• Given information:

^^^^

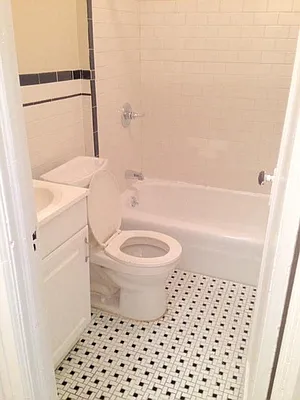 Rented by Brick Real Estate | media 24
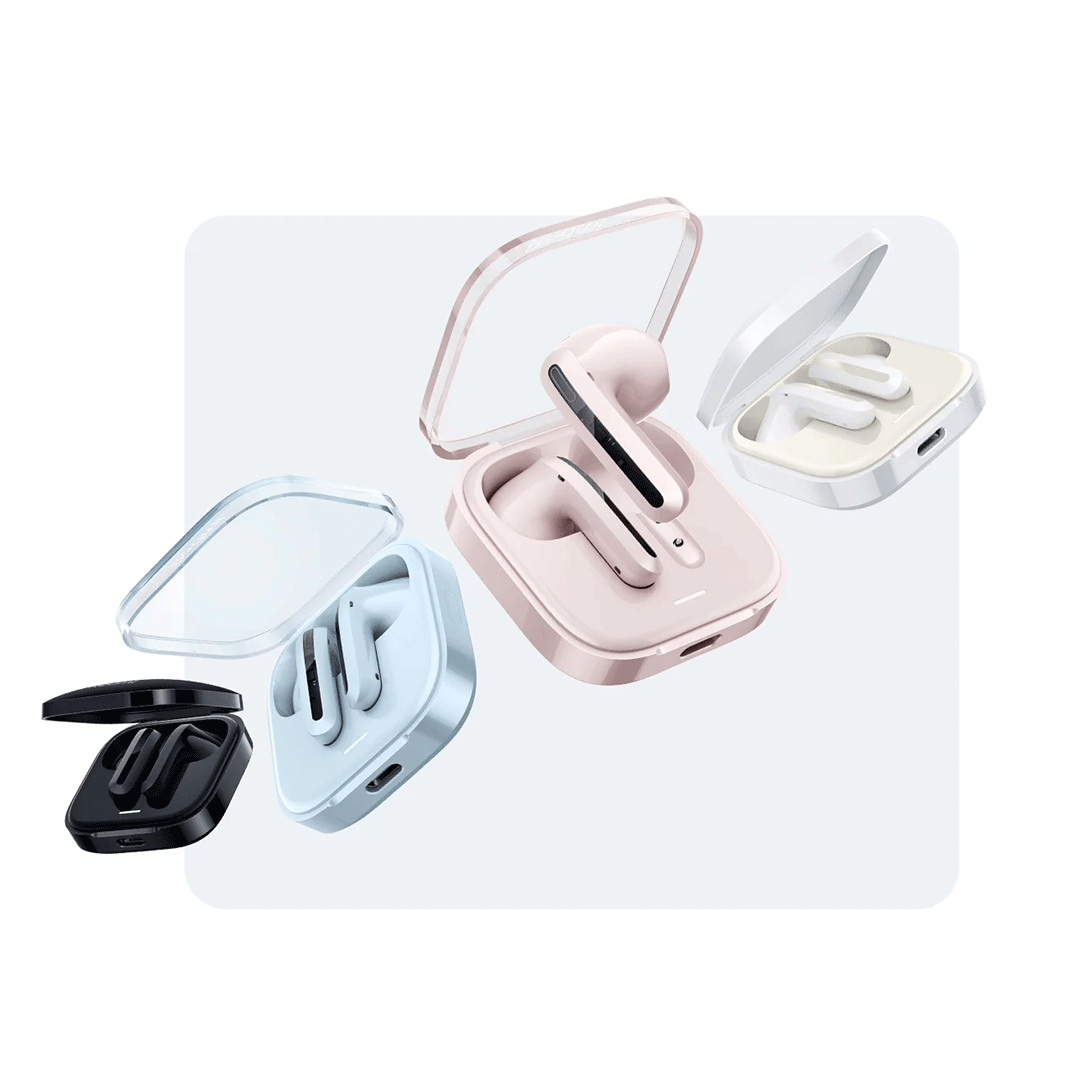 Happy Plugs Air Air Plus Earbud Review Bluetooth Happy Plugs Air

^^^^

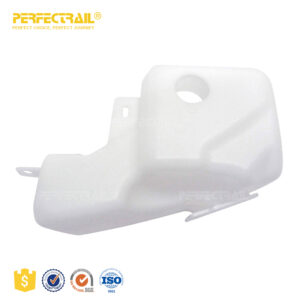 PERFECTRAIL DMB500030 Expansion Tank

^^^^

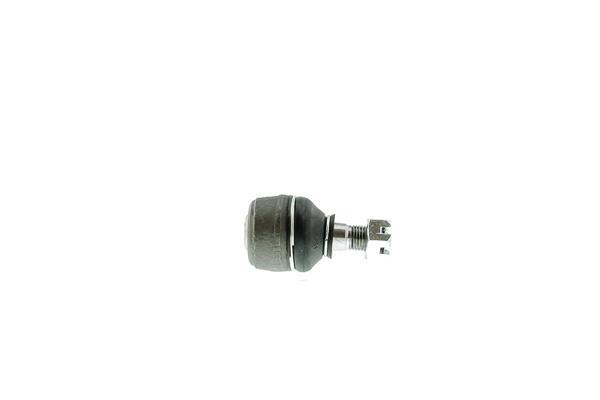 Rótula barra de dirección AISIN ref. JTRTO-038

^^^^

• What is needed: Using the material above, transcribe exactly the lines from the one holding "Rented by Brick Real Estate | media 24" to the one holding "Happy Plugs Air Air", both ends kept. Do not carry over any pictures.

• Result of the exercise:
 Rented by Brick Real Estate | media 24
 Happy Plugs Air Air Plus Earbud Review Bluetooth Happy Plugs Air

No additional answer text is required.